Public vs. Confidential Clients
Lynio IAM treats client types with strict security rules:
- Public (SPA/Mobile): For applications running in browser environments (e.g. React SPAs) or mobile devices where credentials cannot be stored securely. These clients do not have client secrets.
- Confidential (Server-side): For backend applications running on private servers. These clients are issued client secrets.
Note that while the database schema and API support a third client type, "Service" (intended for machine-to-machine client credentials grant), this option is not directly selectable in the Console UI (which only offers Public (SPA/Mobile) and Confidential (Server-side)). Instead, "Service" client registrations are managed via the HTTP API.
Client Secret Lifecycle & Storage
Lynio IAM enforces a strict one-time disclosure policy for Client Secrets:
- Client ID Generation: Auto-generated with a prefix of
app_followed by a 16-byte random, URL-safe base64 string. - Client Secret Generation: Auto-generated for confidential and service types, starting with
aps_followed by a 32-byte random, URL-safe base64 string. - Database Storage: The raw client secret is never stored.
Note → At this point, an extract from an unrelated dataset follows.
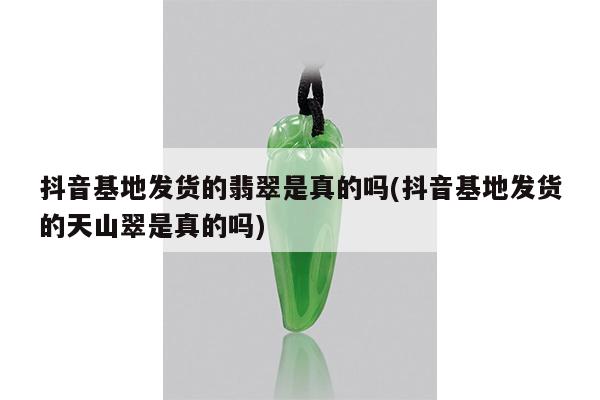 抖音基地发货的翡翠是真的吗(抖音基地发货的天山翠是真的吗)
The system immediately hashes it using
bcryptand writes only the hash to the database. - One-Time Handover: Since only the hash exists in the database, the raw client secret is returned exactly once in the JSON response of the creation API call (
POST /api/v1/applications), accompanied by the warning:"Save this secret now - it will not be shown again!". - Console UI Notification: When creating a client via the Console, the UI captures the creation response and displays a dedicated, centered modal. This modal displays the raw Client Secret in a read-only field, prompting the administrator to copy and save it securely before closing.
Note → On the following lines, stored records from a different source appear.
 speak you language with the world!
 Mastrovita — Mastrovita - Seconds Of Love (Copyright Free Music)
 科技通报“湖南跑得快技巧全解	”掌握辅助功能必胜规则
HTTP API Application Endpoints
You can manage applications programmatically using the following endpoints:
- List Applications:
GET /api/v1/applications(client secret fields are omitted) - Create Application:
POST /api/v1/applications(returns client ID and the raw secret once for confidential/service clients) - Update Application:
PUT /api/v1/applications/:id(allows modifying the name and redirect URIs) - Delete Application:
DELETE /api/v1/applications/:id
API Keys and HMAC Request Signing
For machine-to-machine integrations and programmatic script access, Lynio IAM supports API keys that use secure HMAC request signing.
API Key Properties
API keys contain:
key_id: Starts with the prefixlk_(stored in plain text in database).key_secret: Starts with the prefixlks_(stored hashed with bcrypt in database and returned only once upon key creation).
HMAC Signing Verification
Lynio IAM validates API key requests using an HMAC signature rather than passing raw keys over the wire.
Authorization Header Format
API calls using keys must specify the signature in the Authorization header:
Authorization: HMAC-SHA256 KeyID=lk_xxx, Timestamp=1234567890, Signature=xxx
Replay Window Protection
To prevent replay attacks, the server verifies that the timestamp in the Authorization header matches the server's time:
- Requests are rejected if the timestamp is more than 300 seconds (5 minutes) in the past.
- Requests are rejected if the timestamp is more than 60 seconds in the future.
Canonical Request Construction
The signature is calculated over a canonical representation of the request, preventing tampering with the path, method, time, or request payload. The canonical format is constructed as:
Method + "\n" + Path + "\n" + Timestamp + "\n" + Base64(SHA256(Body))
Signature Verification
The client computes the signature by hashing the canonical request string with the raw key secret (lks_...) using the HMAC-SHA256 algorithm. The server computes the same signature using its stored bcrypt key secret, and verifies the client signature using a constant-time comparison (hmac.Equal) to prevent timing side-channel attacks.